No Tiktok, Snapchat etc, to divert our attention, we would play all kinds of indoor and outdoor games, even Stapu, with the girls. Chess, table tennis, badminton, hockey, football, basket ball, gulli danda, pitthu, snakes & ladders, carrom board.

Those days the Chinese had nothing to do fast producing consumer goods (FMCG), which have flooded the world market, with or without ‘Trump tariffs’. We would crush glass and make assorted pastes, and create a deadly maanjha for our kites, some with long tails costing one paisa, and fly them on our terraces.

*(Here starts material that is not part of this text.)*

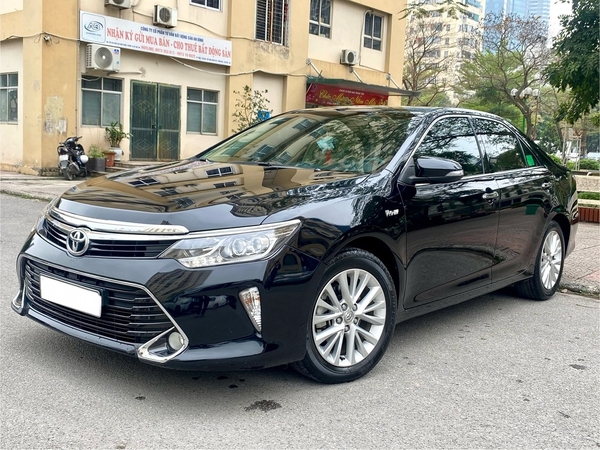 Toyota camry 2.0E một chủ từ đầu sản xuất 2019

Our deadly maanjha most often would be of no use, because we lacked skills. The finest patangbaaj in the mohalla would snap it with one fast gota — a fighter-jet like spiral downwards in superfast motion, followed by rapid upswing of his kite — several such kites would thereby be instantly martyred. Then, the race for the falling kites, as trophies, across muddy mountains, slushy gutters of dirty water, our knees and elbows bloody.

Then cricket, all day, from the first flush of dawn till the darkness of the evening. With a dilapidated bat, shattered pads, ancient stumps, and a tired cork ball. A reasonably good all-rounder who had no fear of the fast bowlers, and a damn good close-in fielder, I was invited by older boys to play for their teams all over the town.  I loved the railway ground the most, with kids, all wearing similar cut-piece shorts and shirts, would watch us play.

In our higher secondary school farewell, our juniors made a lovely little card with these lines: Rain rain go away, little Amit wants to play, cricket, cricket, all day….

I preserved this lovely gift for years — and it might still be hiding somewhere in my old books as a book mark. The most precious gifts of life, indeed, are as simple as this.

It’s only that I don’t play cricket any more. I live. One day at a time.

Celebrating the nostalgia of yet another scorching summer. Like Vivaldi’s ‘Four Seasons’. With all the secret yearnings of adolescence, without the hormones going berserk.

Remembrance of things future. Nostalgia as fast-forward.